Tereasa Gail Brainerd (born 1964) is an American astronomer whose interests include galaxy clusters, satellite galaxies, and gravitational lensing. Educated in Canada and the US, she works in the US as a professor of astronomy at Boston University.

==Education and career==
Brainerd is the daughter of psychologist Charles Brainerd and audiologist Susan Haske. She was born in St. Johns, Michigan, in 1964, but moved to Edmonton, Alberta with her family as a child. She became an undergraduate at the University of Alberta, where she earned a bachelor's degree in 1987. She went to Ohio State University for graduate study in astronomy, completing her Ph.D. in 1992. Her dissertation, A Study of Properties of Dark Galaxy Halos in a CDM Universe using N-body Simulations, was supervised by Jens Villumsen.

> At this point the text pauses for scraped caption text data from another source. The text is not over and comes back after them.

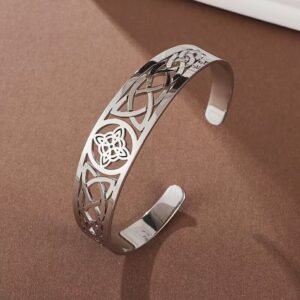 Brazalete nudo de bruja de acero inoxidable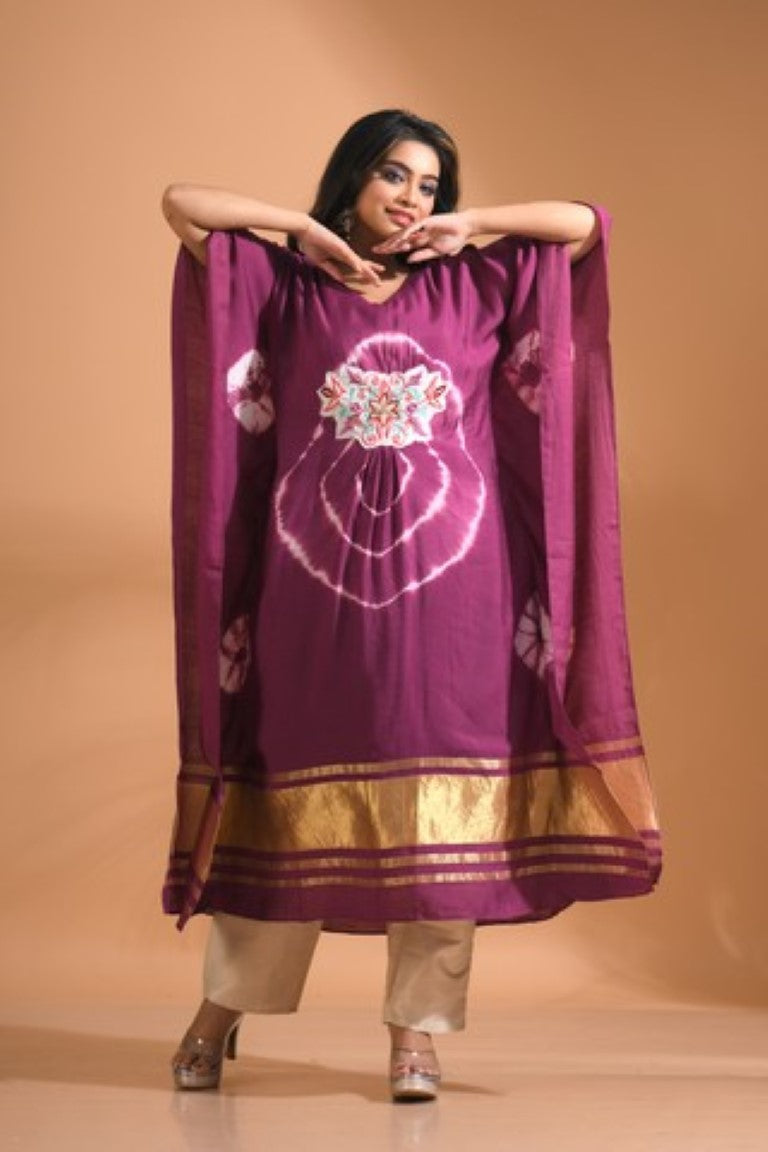 Morchari Kaftan Set With Embroidery - Purple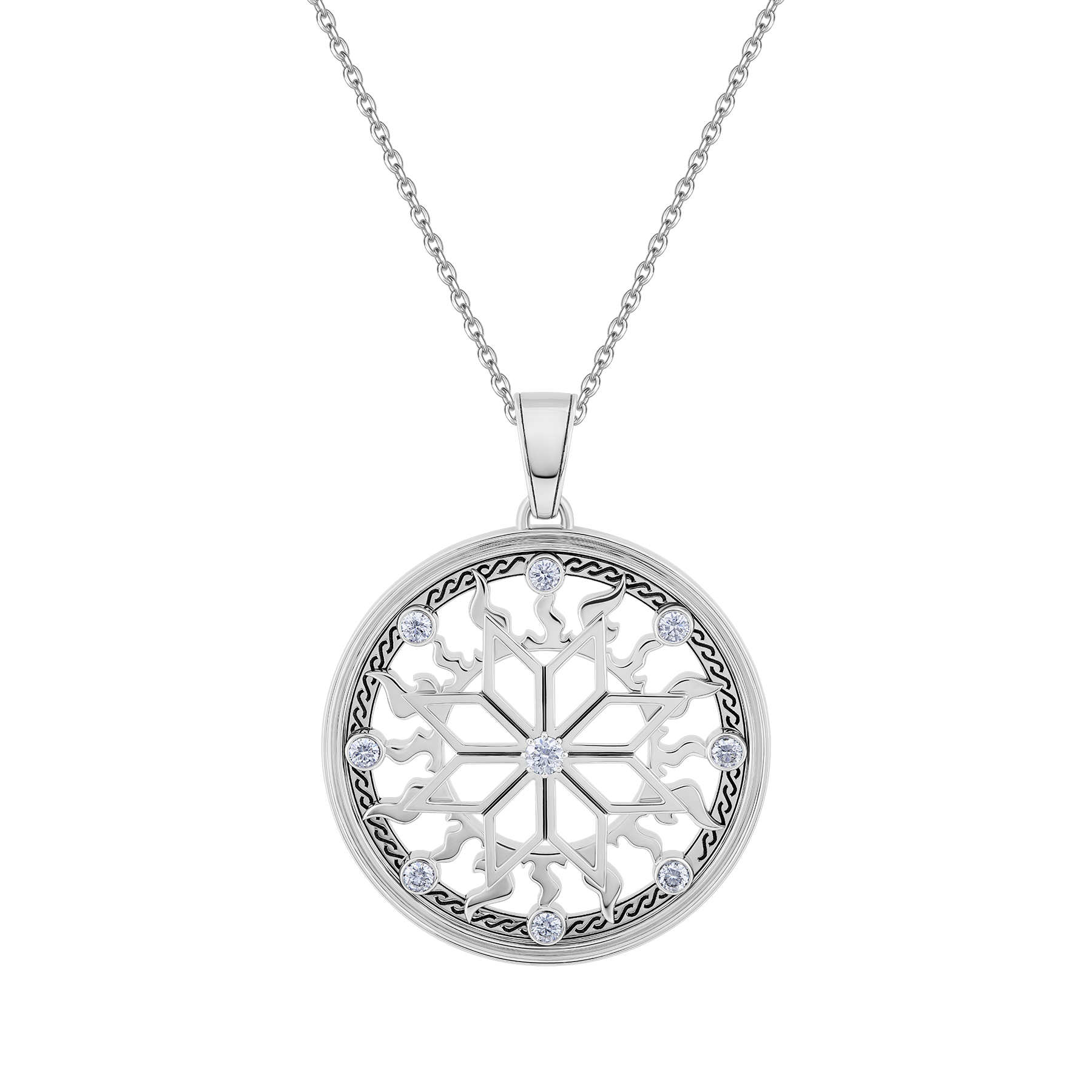 Подвес с бриллиантами, белое золото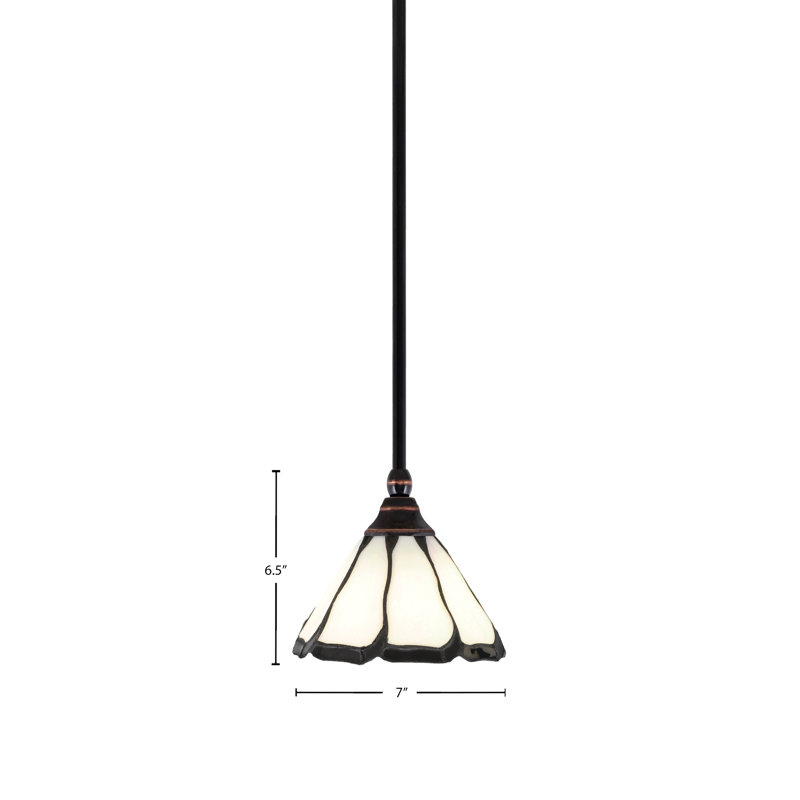 Mini-luminaire suspendu suspendu au fini cuivre noir avec perle de 7 po et verre d'art Black Flair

After postdoctoral research at the California Institute of Technology and Los Alamos National Laboratory, she joined the Boston University astronomy department faculty in 1995. She directed the Institute for Astrophysical Research from 2005 to 2011, and chaired the department from 2011 to 2015 and 2016 to 2018. She was promoted to full professor in 2023.

==Recognition==
In 2023 the American Astronomical Society (AAS) named Brainerd as a Fellow of the AAS, "for pioneering work in the use of weak gravitational lensing to measure the structure of individual galaxies; significant service to the Society in committee roles and on the Board of Trustees; and leading the Institute for Astrophysical Research and the Department of Astronomy at Boston University to a significant expansion in research in observational astronomy".